REQUIRED WORK:
Given the material below, output exactly the lines from the line with "thumbnail image 3" to the line with "Citarella, Nando-cantata Di Natale - 1", both ends included, and no other lines.

AVAILABLE DATA section start

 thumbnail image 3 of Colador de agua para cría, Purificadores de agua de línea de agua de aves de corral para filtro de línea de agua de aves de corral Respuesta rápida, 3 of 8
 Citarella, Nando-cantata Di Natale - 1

AVAILABLE DATA section end
AVAILABLE DATA section start

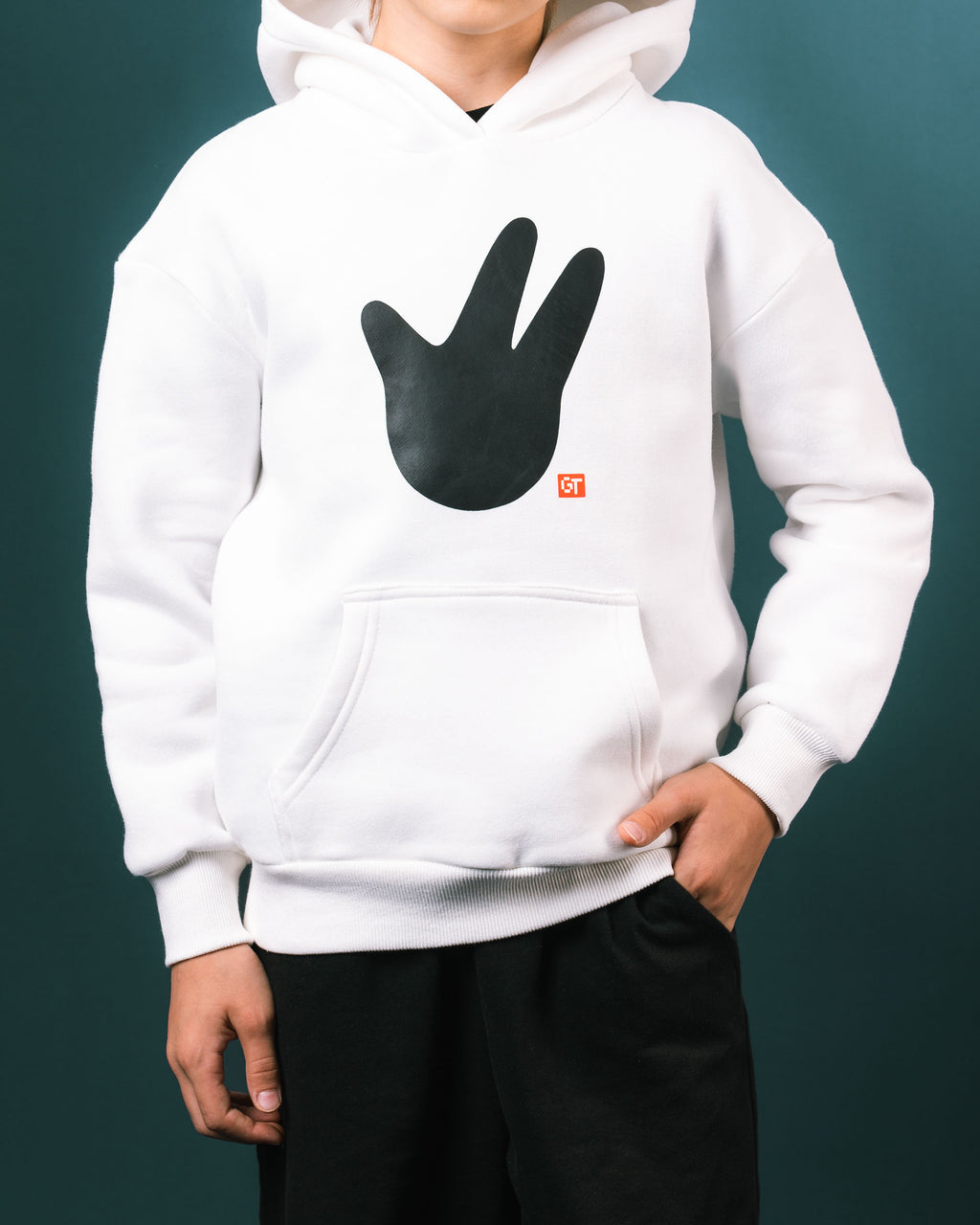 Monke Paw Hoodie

AVAILABLE DATA section end

WRITTEN ANSWER:
 thumbnail image 3 of Colador de agua para cría, Purificadores de agua de línea de agua de aves de corral para filtro de línea de agua de aves de corral Respuesta rápida, 3 of 8
 Citarella, Nando-cantata Di Natale - 1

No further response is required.